Hi. This video very helpful and thanks for that. But I have some problem about ''mu slip look up table''. Actually I dont understand what is that and also what is the values inside of the tables.
Sir, if slip is (1-(vehicle speed/ wheel speed)) shouldn't we connect wheel speed to division and vehicle speed to multiplication in the slip sub system?
the equation which is given in1:53 is wrong. It's the relative slip for acceleration. For the deceleration the wheel angular velocity is divided by the vehicle angular velocity. It's just the shown equation which is wrong but the model was set up correctly at the part from 16:00 to 17:21
Sir, how do we interpret the difference between with abs and without abs graphs, and how do we turn the abs off in order to get the other graphs without abs .
You could add a Gain block from Actual Relative Slip to the 1st Sum (in between the intersect to the Lookup table and the 1st Sum), set the value to 1 to activate ABS or 0 to deactivate ABS.
As far as I know you can do it for sure but it doesn’t make that much sense. Because as far as I know (correct me if I‘m wrong) in the reality there are just two way valves for the braking system. That‘s why the bang bang controller makes sense because it‘s saying that the valve are open (Inlet or Outlet). But you may should consider sone controller that also mention a state where the pressure remain constant which isn‘t possible whith a bang bang controller.
Hello sir, the video found very helpful and informative...But if want to take the input from sensors on vehicle how can we take that input to simulation..?

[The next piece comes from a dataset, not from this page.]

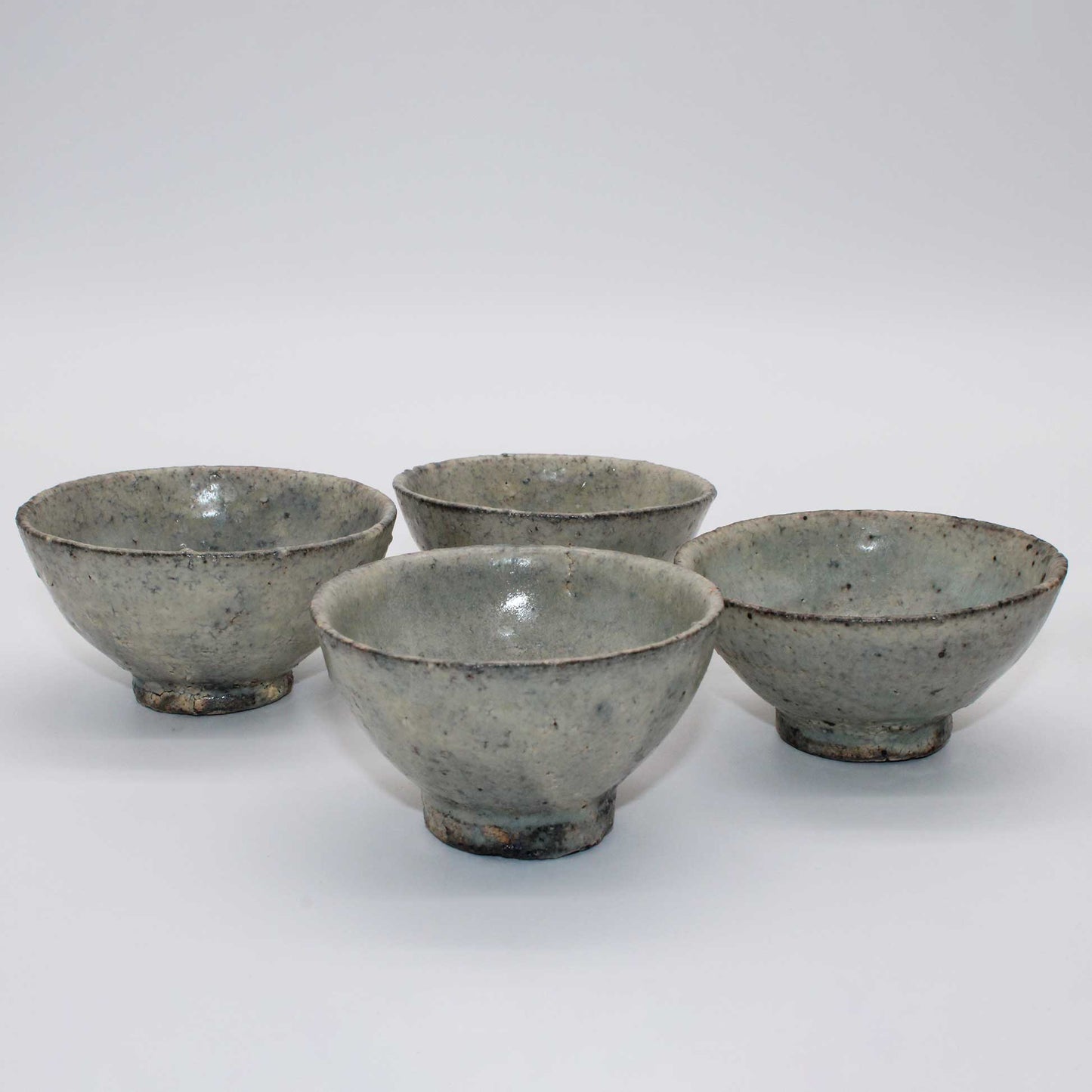 Pine Ash Glaze Sake Cup 59A_Toru Hatta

Vehicle Angular velocity means the transational speed of wheel or the car; you can also call it the vehicle velocity divided by wheel radius with it's maybe more correct than the denotation of this video wheel angular velocity means the rotational speed of wheel the equation which is given in1:53 is wrong. It's the relative slip for acceleration. For the deceleration the wheel angular velocity is divided by the vehicle angular velocity. It's just the shown equation which is wrong but the model was set up correctly at the part from 16:00 to 17:21
you are right but that is one of the simplifications that were done. There are some other simplifications too but it's not about creating a real physical model but showing the basic function of an abs.